Her şey bir anda kaosa sürüklenirken, Ezekiel’in otoriter ifadesi büyük ölçüde değişti ve kendisine doğru bir saldırı fırlatan Antik Çağa bakarken, etrafını canlı bir öz sarmaya başladı.
Bu saldırı ileriye doğru alevlenirken, kesin bir haykırış duyulabiliyordu!
“Işıldayan Kilise için!”
Pek çok varlığın ifadeleri tepki vermeye çalışırken, değişti, çevredeki Hegemonyalar Plazma Işınının uzayda Ezekiel’e doğru yırtılan korkunç gücünü hissettiler ama ona zamanında ulaşamadılar.
“Papa Ezekiel’i koruyun!”
BOOOM!
Saldırı geldiğinde her şey çalkantılı bir hal aldı, Karanlıklar Kilisesi’nin saflarına şok yayıldı çünkü saflarında Işıldayan Kilise’den etkilenmiş birinin olmasını hiç beklemiyorlardı!
Plazma Işınının patlaması hedefine ulaştığında sahne temizlendiğinde, harap olmuş karanlık bir koza patladı ve ortaya kanlar içindeki Papa Isabella çıktı; sol kolu ve omzu vücudundan tamamen buharlaştığı için tamamen yok oldu.
Saldırıyı gerçekleştiren Antik Çağ’a bakarken, nefret dolu gözlerle ona baktı.
“Rudeus!”
Kendi taraflarından onlara saldıran Papa’nın adını haykırdı, Ezekiel’in vücudu korkunç bir Karanlıkla aydınlanırken, etrafındaki her yerde daha önce hiç seslenmediği birden fazla yeni Hortlak Antik Çağ’ın şok edici auraları aniden belirdi.
OOOOOOH!
Vücutları ölümcül bir parıltıyla parlarken, aslında Yıkım özüyle titreşiyorlardı, bu Ezekiel’in daha önce hiç ortaya çıkarmadığı bir eldi!
Yıkım’dan yapılmış kıpkırmızı bir kalkan anında Ezekiel’in ve ağır yaralı Papa Isabella’nın etrafını sararken, Şampiyon ölümcül bir emir verirken, yanındaki kadına saldıran ve yaralayan varlığa baktı.
“Hepsini öldürün.”
WAA!
Hortlak Antik Çağlara saldırganı parçalamaya hazırlanırken, Ezekiel’in gözleri güvensizlikle yanlarındaki diğer Antik Çağ’a doğru döndü, çünkü bu da Plazma Işınları fırlatıyordu ve korkunç bir Dehşet Gözü herkesi daha da zayıflatmak için ortaya çıktı.
“Güzel!
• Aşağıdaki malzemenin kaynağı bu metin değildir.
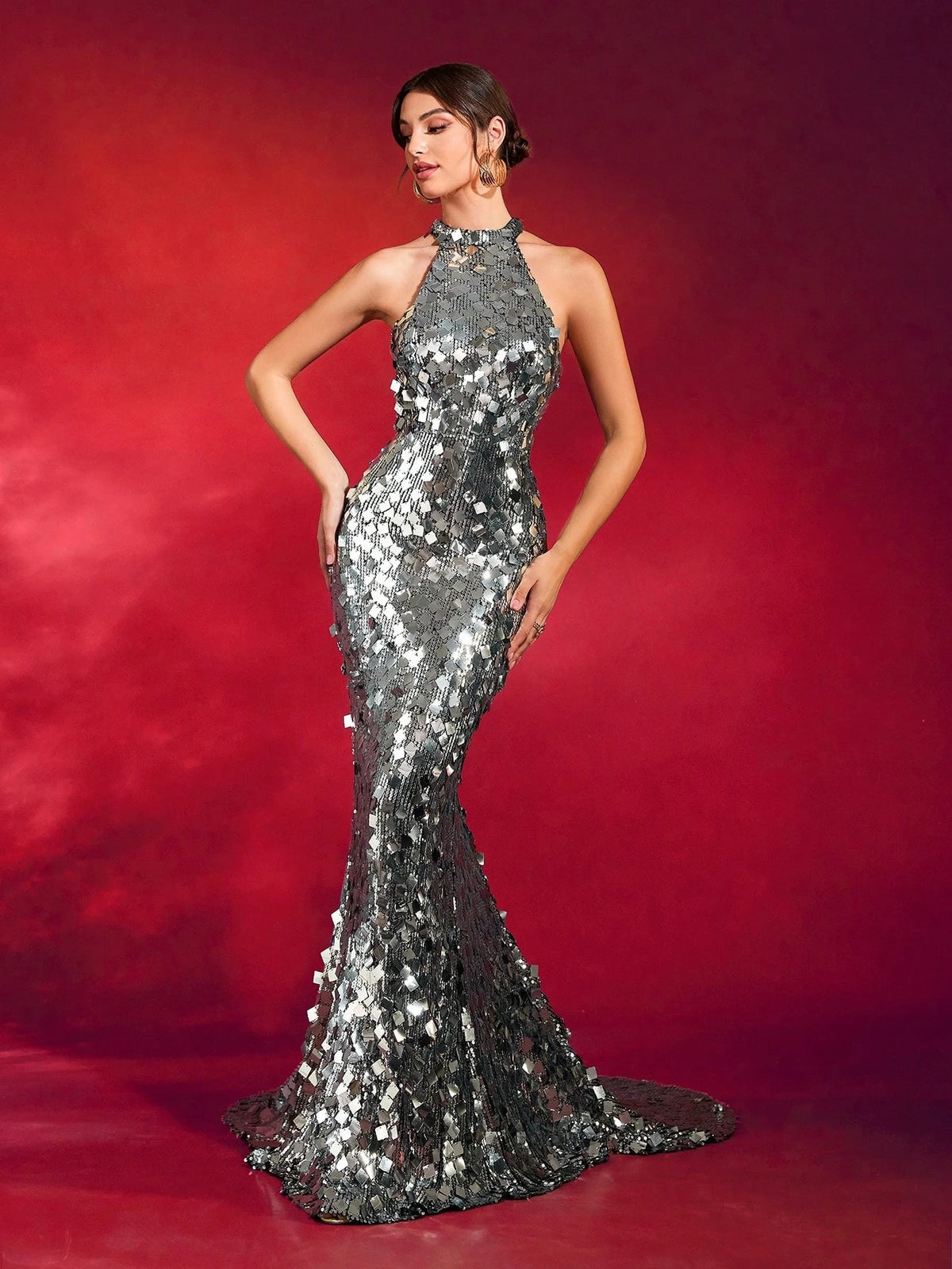 LOVE&LEMONADE Sexy Halter Neck Gold Sequin Backless Maxi Evening Dress for Women Wholesale Dropshipping LM86444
Güzel! Güzel! Hepsini yok edin!”
Sesi bir kez daha çıldırtıcı bir şekilde çınlarken, her şeyi çevreleyen korkunç baskıya dayanıyordu, Yıkım, yürürlüğe koyduğu yuvarlak kızıl kalkanı daha da kaplıyordu ve hiçbir şey içinden geçemeyecekti!
Kendisine ihanet eden herkesi parçalara ayırmayı ve ölümlerinden sonra onlara daha da fazla eziyet etmeyi planlarken, Isabella’yı kucağına aldı!
Yine de kollarında koruyarak sarmaladığı ’yaralı’ varlık… bu varlığın gözleri kör edici mavi bir ışık yayarken, çıldırtıcı özü ondan fışkırıyordu!